Excerpts from a dataset
+++
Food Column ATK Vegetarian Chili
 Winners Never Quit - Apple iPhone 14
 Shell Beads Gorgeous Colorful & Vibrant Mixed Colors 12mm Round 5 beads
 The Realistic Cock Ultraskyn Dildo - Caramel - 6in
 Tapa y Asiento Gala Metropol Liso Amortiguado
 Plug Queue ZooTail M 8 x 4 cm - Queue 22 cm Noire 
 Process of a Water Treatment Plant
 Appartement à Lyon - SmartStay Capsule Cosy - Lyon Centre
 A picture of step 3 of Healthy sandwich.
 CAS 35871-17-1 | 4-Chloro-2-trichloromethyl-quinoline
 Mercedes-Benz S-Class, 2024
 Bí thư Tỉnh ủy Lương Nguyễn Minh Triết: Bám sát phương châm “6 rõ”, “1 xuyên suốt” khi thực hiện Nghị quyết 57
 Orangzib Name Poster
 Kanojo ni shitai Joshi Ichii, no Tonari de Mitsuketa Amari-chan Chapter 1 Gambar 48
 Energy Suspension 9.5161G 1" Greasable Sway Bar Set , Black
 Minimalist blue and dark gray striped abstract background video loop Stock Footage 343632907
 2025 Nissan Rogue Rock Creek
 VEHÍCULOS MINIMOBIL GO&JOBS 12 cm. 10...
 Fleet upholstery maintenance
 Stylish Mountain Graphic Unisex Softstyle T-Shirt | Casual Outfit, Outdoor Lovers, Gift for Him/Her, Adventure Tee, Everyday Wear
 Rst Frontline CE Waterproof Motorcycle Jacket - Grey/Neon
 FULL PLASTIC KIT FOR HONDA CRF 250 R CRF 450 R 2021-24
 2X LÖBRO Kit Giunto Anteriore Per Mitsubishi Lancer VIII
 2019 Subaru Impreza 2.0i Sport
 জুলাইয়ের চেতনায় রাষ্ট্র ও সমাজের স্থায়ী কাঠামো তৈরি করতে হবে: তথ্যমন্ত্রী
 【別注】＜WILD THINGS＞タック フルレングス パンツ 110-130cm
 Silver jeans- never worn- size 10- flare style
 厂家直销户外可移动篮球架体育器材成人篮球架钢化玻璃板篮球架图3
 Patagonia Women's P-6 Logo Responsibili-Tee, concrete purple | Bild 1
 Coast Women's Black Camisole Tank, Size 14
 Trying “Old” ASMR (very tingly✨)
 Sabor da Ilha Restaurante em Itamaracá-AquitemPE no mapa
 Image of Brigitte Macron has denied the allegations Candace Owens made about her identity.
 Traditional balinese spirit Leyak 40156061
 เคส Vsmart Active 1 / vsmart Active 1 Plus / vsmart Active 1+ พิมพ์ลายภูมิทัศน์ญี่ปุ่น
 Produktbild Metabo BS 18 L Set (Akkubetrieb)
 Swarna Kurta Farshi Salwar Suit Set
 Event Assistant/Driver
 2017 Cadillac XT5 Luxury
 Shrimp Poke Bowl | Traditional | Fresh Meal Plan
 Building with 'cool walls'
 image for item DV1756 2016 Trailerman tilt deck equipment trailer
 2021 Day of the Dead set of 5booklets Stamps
+++
Action item: Checking the data above line by line, please work out how many lines include "Women", and reply with the number only.

Solution to this task: 2